I got an iPhone 11 Pro about 18 months ago. I love the quality of the images. Low-light is still more amazing.
But the image file type is .HEIC. I have a recollection that Facebook didn't accept .HEIC at the time, when trying again now I find that it does. In any event, my workflow since then has included opening all the images up in Preview and manually exporting them to relatively low quality .jpg files, one by one.
I finally got tired of this.
I found a page where the guy shows how to set up the macOS Automator app to tell Preview to do the conversion. Some day I might try that. But it got me thinking.
I used trusty old Homebrew to install imagemagick. (It took a while, there are *a lot* of dependencies). Anyhow, so then I just cd to the Downloads directory and do this in Terminal:
magick convert -quality 10 IMG_9836.HEIC IMG_9836.jpg
It works great. I get a 10-fold compressed jpg compared to the original. So even if FB can now handle .HEIC I'm saving all that bandwidth on the upload.
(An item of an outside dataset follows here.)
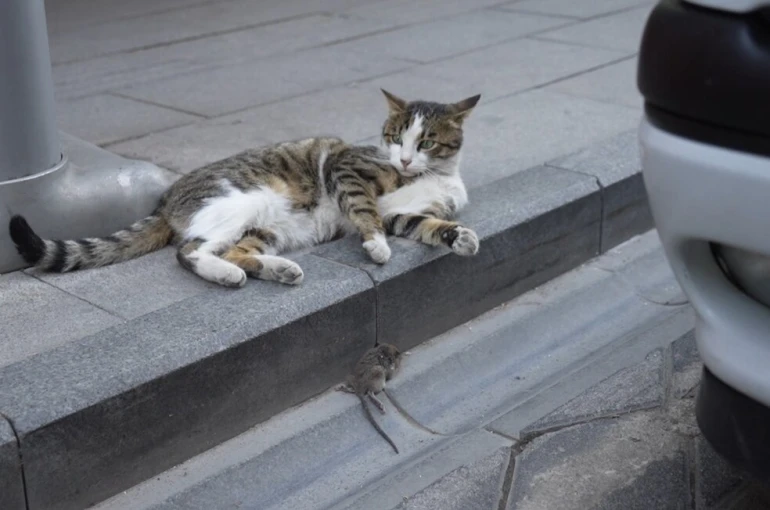 Gümüşhane’de kedi avladığı fareyle oynarken kameralara yakalandı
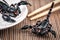 Black fried scorpion and chopstick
The next problem was how to specify the new filenames for batch mode. One could use sed, but it's so awkward to read. Or I could always go to Python to bundle up the processes, but eventually I found a one-liner that works in Terminal:
for f in *.HEIC; do magick convert -quality 10 $f ${f:0:9.}jpg; done
The first filename is the source, like IMG_9836.HEIC. The second filename is ${f:0:9.}jpg, it extracts characters at specified positions from the string variable. I didn't know you could do this in the shell.
It's a hack, but it works in this case because the variable names are all exactly the same length. Anyway, it's great. As long as you're not afraid of Terminal.